What needs reproducing is the run of lines in the data below starting at the line with "Телята на доращивание с доставкой" and ending at the line with "Maltipoo dogs for", both ends included. Copy it exactly, without pictures, and add nothing.

• **THE DATA**
——
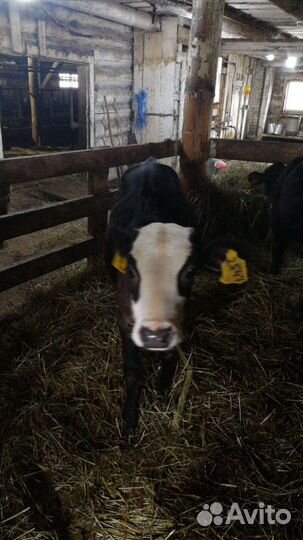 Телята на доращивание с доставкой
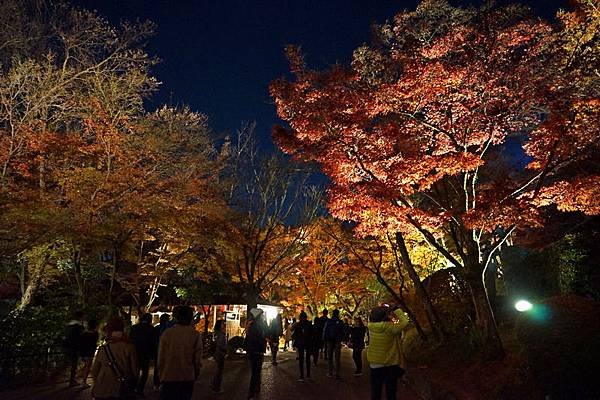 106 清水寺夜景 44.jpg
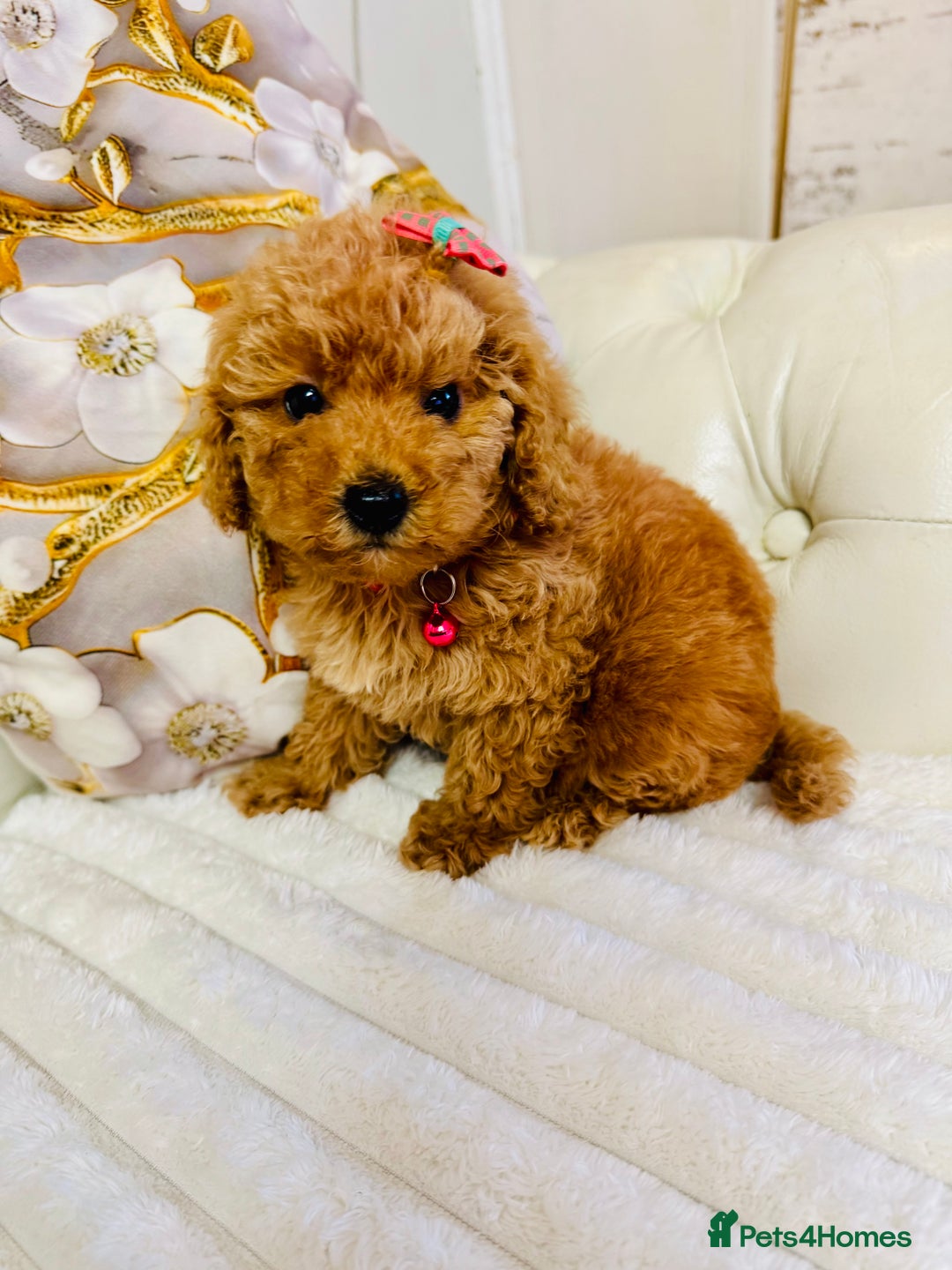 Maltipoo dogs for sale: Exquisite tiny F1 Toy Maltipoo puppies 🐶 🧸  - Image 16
——
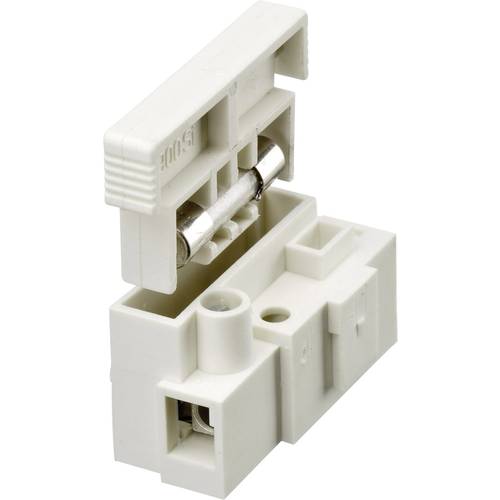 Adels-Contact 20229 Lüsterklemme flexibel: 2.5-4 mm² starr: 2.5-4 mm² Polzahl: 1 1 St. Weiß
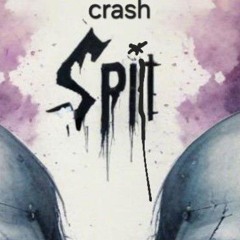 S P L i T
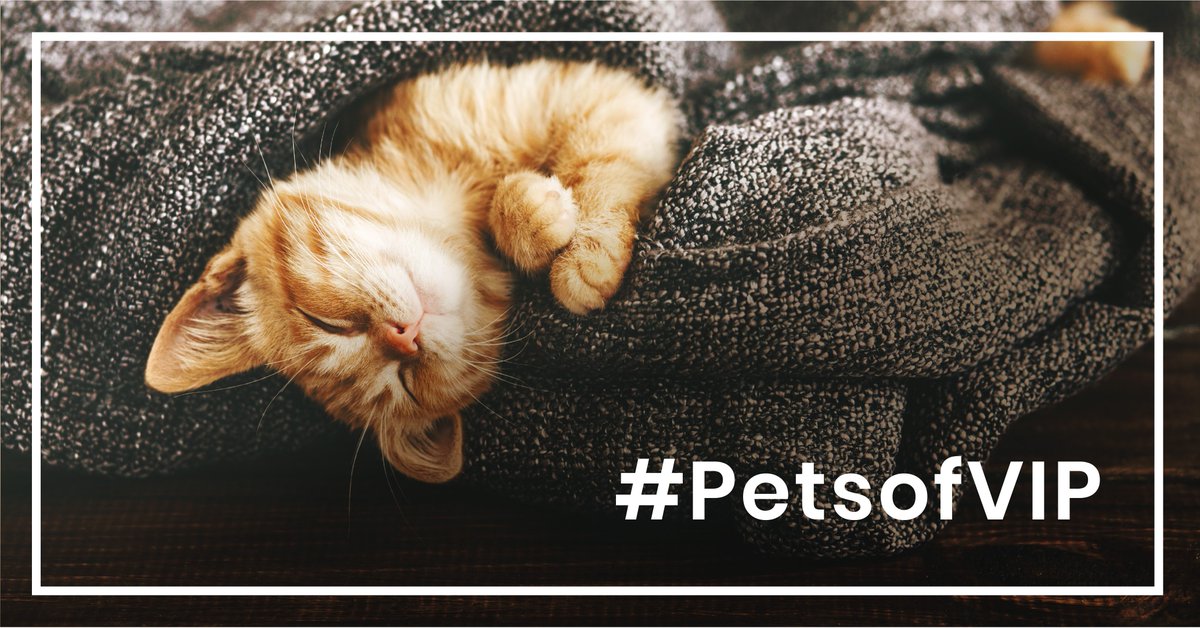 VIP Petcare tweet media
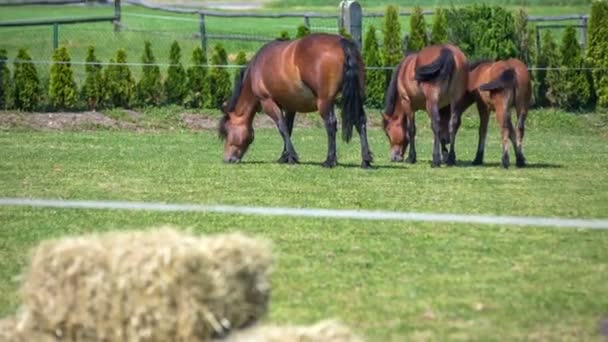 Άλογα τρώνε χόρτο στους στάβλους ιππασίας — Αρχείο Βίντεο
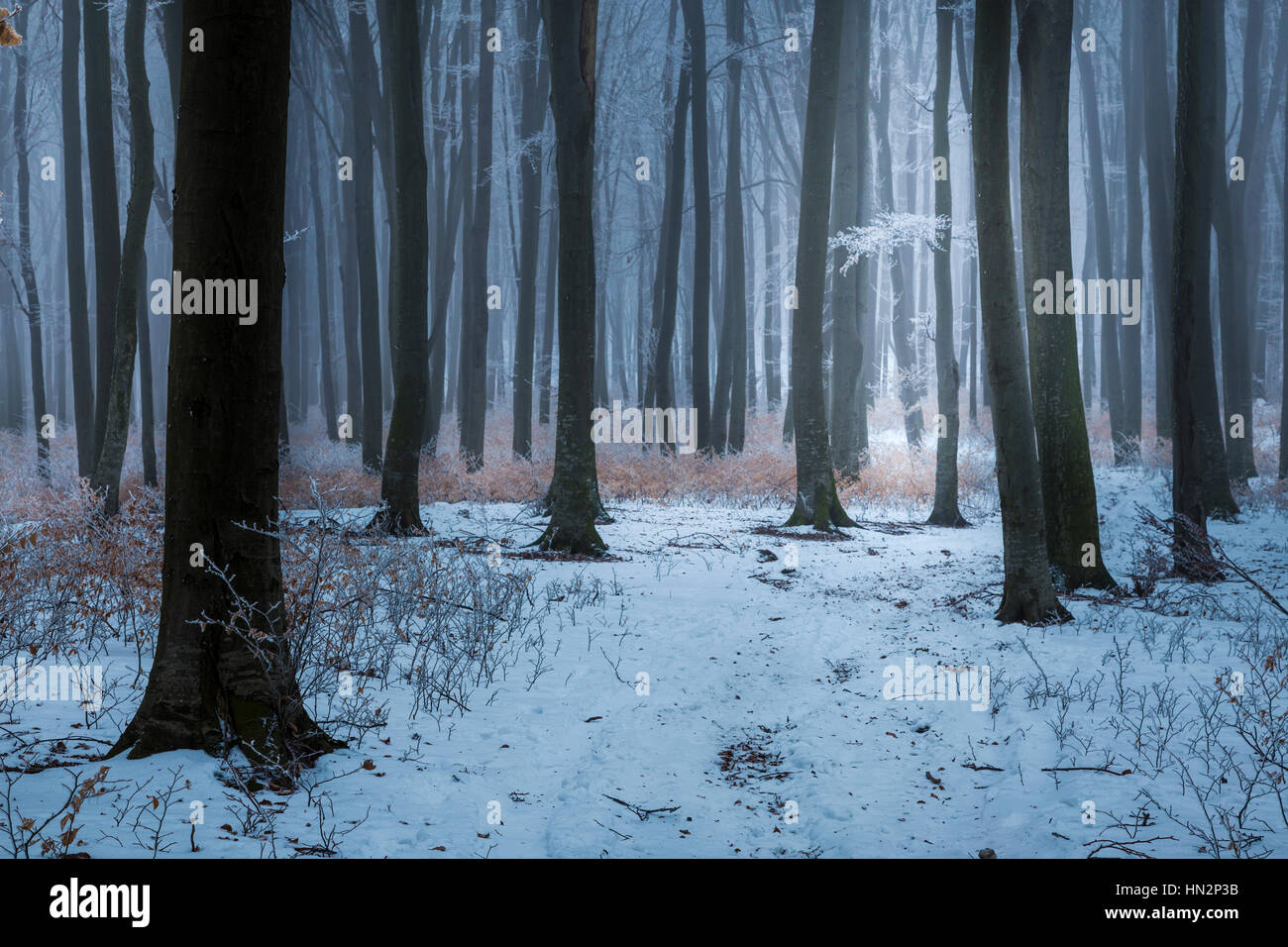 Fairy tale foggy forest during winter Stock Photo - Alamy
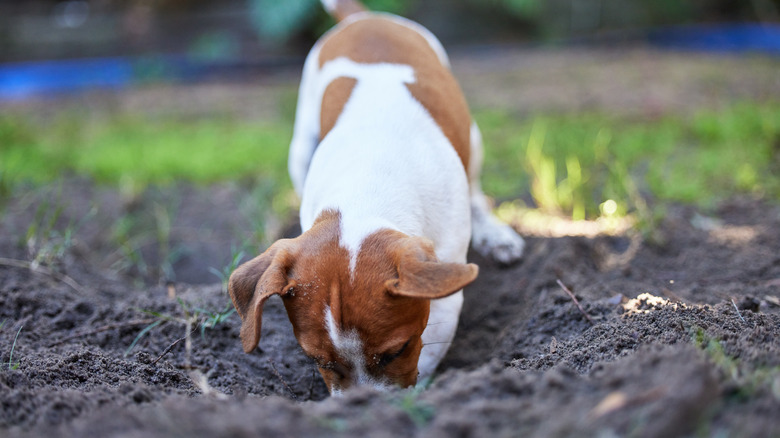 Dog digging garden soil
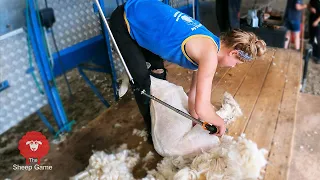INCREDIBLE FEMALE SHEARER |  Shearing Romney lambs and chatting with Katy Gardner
——
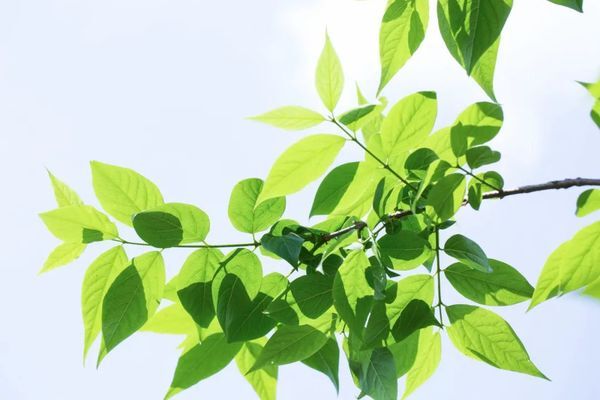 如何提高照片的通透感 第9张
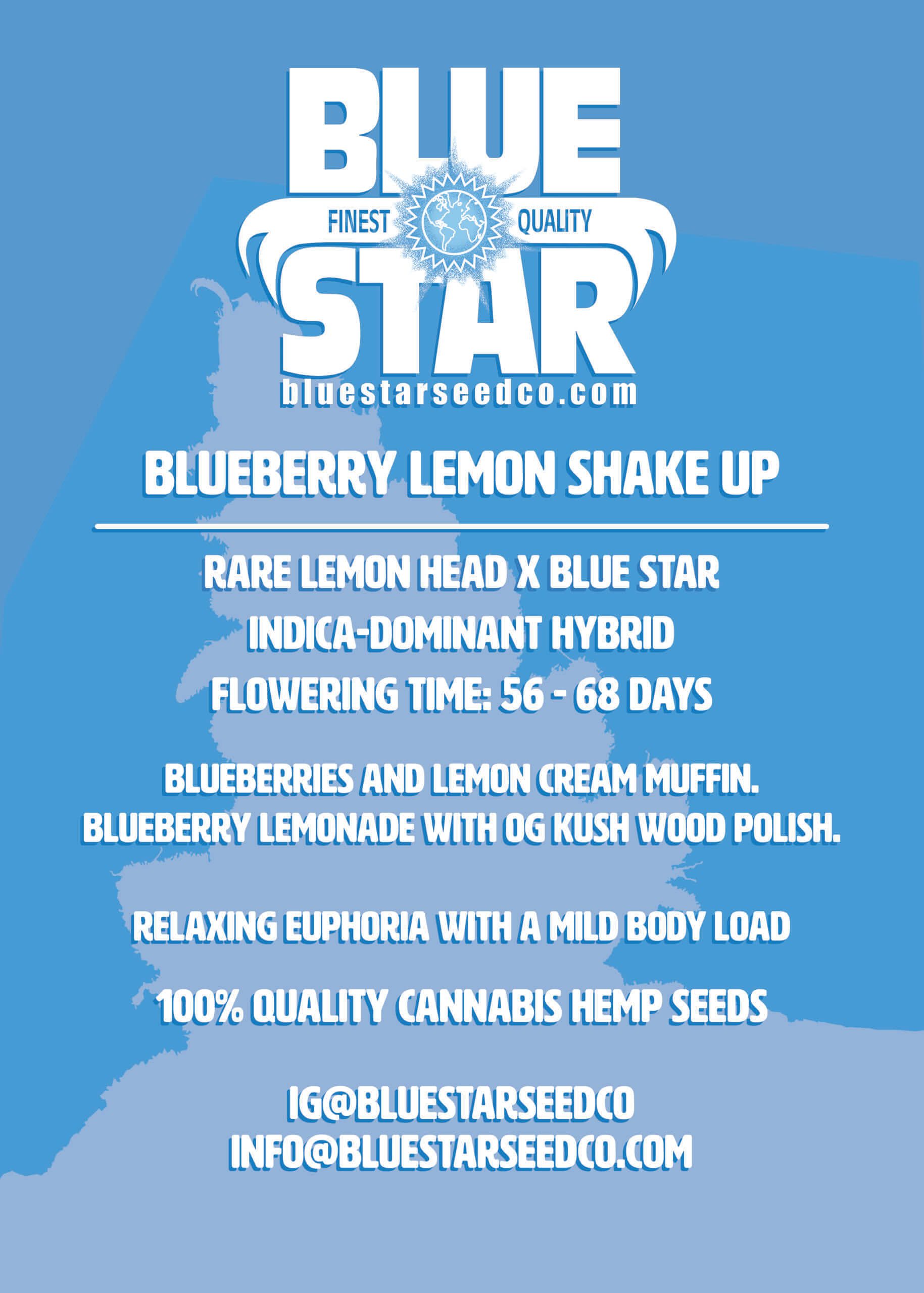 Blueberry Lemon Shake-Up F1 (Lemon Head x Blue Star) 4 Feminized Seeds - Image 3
——
• **SOLUTION FOR THIS TASK**
 Телята на доращивание с доставкой
 106 清水寺夜景 44.jpg
 Maltipoo dogs for sale: Exquisite tiny F1 Toy Maltipoo puppies 🐶 🧸  - Image 16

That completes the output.